[Exercise] The response should hold each line from the entries below where "with" is found.

[Data for processing]
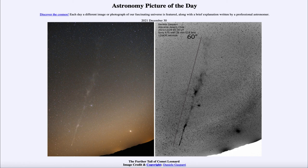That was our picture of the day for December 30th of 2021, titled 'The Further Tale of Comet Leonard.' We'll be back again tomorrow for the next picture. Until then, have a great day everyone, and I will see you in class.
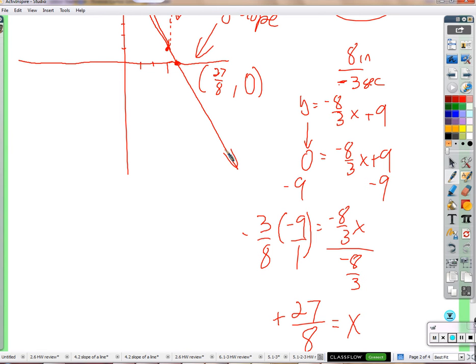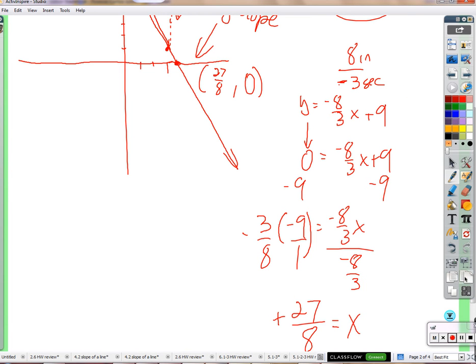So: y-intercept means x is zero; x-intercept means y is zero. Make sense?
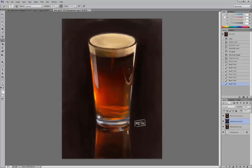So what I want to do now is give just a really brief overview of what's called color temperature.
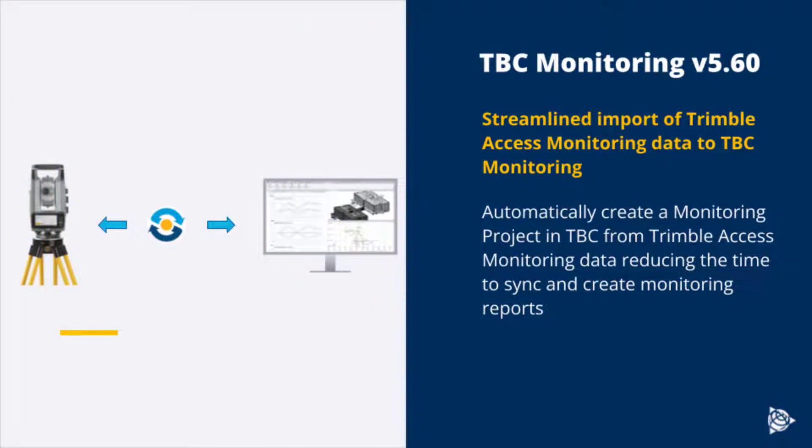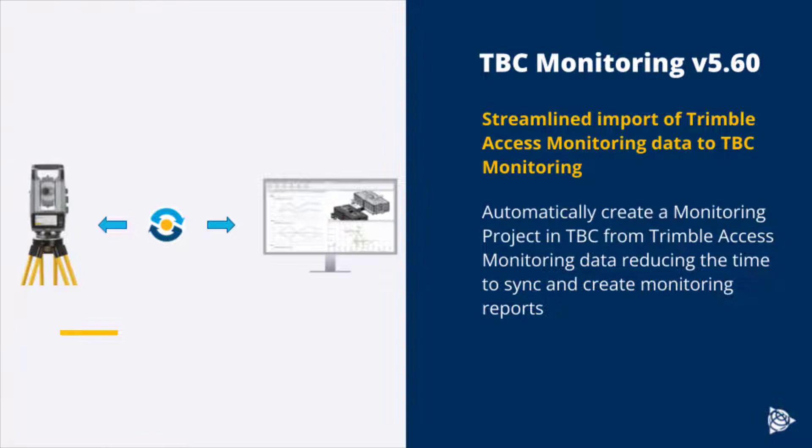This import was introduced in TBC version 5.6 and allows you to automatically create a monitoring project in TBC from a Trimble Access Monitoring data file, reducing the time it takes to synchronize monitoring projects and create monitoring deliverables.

...

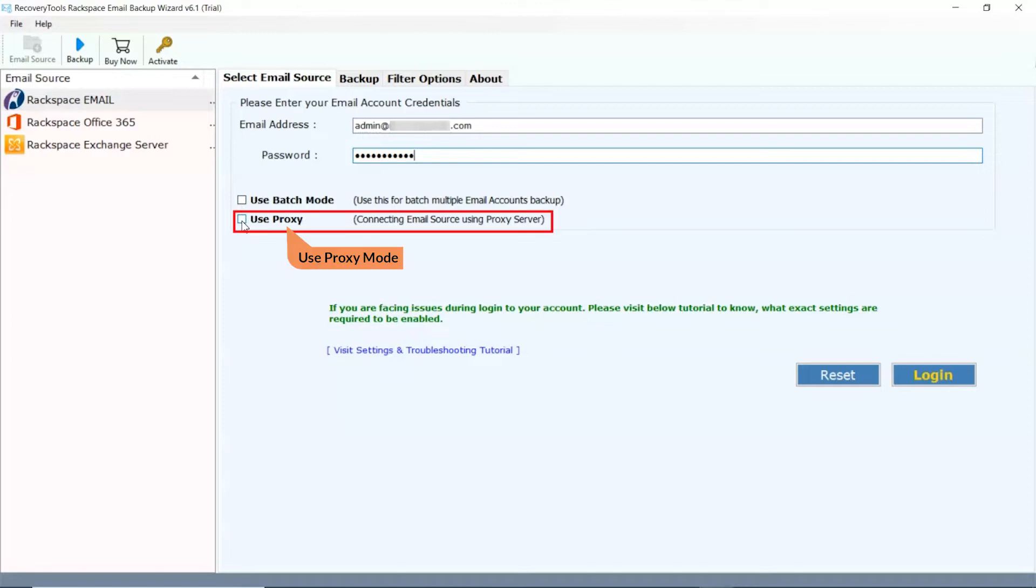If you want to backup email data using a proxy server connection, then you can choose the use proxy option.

* * *

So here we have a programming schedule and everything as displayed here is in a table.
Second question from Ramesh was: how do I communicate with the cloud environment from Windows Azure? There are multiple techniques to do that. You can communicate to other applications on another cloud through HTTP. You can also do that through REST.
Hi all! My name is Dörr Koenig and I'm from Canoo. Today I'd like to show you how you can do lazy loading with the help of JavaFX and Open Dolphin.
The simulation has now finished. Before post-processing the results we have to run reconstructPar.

[Task response]
Second question from Ramesh was: how do I communicate with the cloud environment from Windows Azure? There are multiple techniques to do that. You can communicate to other applications on another cloud through HTTP. You can also do that through REST.
Hi all! My name is Dörr Koenig and I'm from Canoo. Today I'd like to show you how you can do lazy loading with the help of JavaFX and Open Dolphin.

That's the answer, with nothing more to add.